You might notice I'm listing things you've heard of: Skype, Spotify, etc. What the movie DOES do well, and why it works at all, is that it doesn't make up a bunch of fake apps that were clearly inspired by ones you know of - it just uses the real one. No "Friendspace" or "Twiddle-Book" or whatever the hell, our heroine Blaire goes to the same sites and uses all the same programs you yourself have on your computer (including VLC, which seems to be a bit advanced for someone who doesn't know how to use keyboard shortcuts), which is a huge relief as I've never fully understood why people go to the trouble of inventing a fake search engine in a movie just to look up things like "Nightmares" or "Telekinesis" (it makes a bit more sense when they're looking for fictional people, in order to control the search matches). This grounds the movie into our reality, rather than distracting us with cheesy simulacrums of the world's leading programs.

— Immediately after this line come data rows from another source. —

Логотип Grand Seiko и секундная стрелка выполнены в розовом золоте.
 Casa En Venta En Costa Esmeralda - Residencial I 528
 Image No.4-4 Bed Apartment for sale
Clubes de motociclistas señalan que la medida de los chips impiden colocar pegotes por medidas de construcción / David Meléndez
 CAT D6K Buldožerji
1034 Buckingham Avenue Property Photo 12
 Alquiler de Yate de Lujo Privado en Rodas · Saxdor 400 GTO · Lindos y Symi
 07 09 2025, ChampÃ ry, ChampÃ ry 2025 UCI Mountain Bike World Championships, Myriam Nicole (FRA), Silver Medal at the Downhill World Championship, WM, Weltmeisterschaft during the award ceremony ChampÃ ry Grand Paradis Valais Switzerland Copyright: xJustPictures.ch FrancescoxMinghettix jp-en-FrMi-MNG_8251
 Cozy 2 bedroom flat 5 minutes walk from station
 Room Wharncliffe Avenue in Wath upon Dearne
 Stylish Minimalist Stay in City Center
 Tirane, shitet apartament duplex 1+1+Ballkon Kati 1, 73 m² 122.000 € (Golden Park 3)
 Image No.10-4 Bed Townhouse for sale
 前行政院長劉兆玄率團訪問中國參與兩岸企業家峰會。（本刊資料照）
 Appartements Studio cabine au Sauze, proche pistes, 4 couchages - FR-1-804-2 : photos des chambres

And, for better or (often) worse, the filmmakers accurately reflect what it would be like to be in a Skype conference call with six teenagers. They talk over each other, they laugh at two others getting into a row, and Blaire, whose laptop screen is what we see for the entire movie, often minimizes the program to play songs on Spotify, iChat with her boyfriend, look at Facebook, etc, while the conversation(s) continue in the background. Sure, if you want to get really anal you can spot some fakery in the background, such as the curiously high numbers for bland (fake?) Youtube videos alongside the one that serves the plot (12 million views for a 25 second video titled "Lake Tahoe vacation"?) or the fact that her iChat log keeps disappearing every time she clicks back to it, but where it matters, it's accurate and believable.
It's also fun to see things like "greyed out contextual menu options" become part of the plot. If you were unaware, the film is about the supposed ghost of a girl who killed herself joining on a group Skype chat and demanding that whoever posted an embarrassing video of her (which led to the suicide) own up to what they did, killing someone every now and then until the guilty party outs themselves. So naturally the solution would be to disconnect them, but the ghost is apparently in the machine, and so attempts are futile - the option to do anything that you'd think to do has either been greyed out or disappeared entirely. Again, this is where the film's realism helps matters greatly, as our familiarity with the programs lets us instantly know that something is amiss. When the ghost sends Blaire an email for her eyes only and one of the others demands to see it, it's fun to see that Gmail's "forward" option - which we all know where it should be - has been wiped out. This wouldn't work with "Fast Email 2000" or whatever nonsense the filmmakers would usually come up with, making it a far more effective moment.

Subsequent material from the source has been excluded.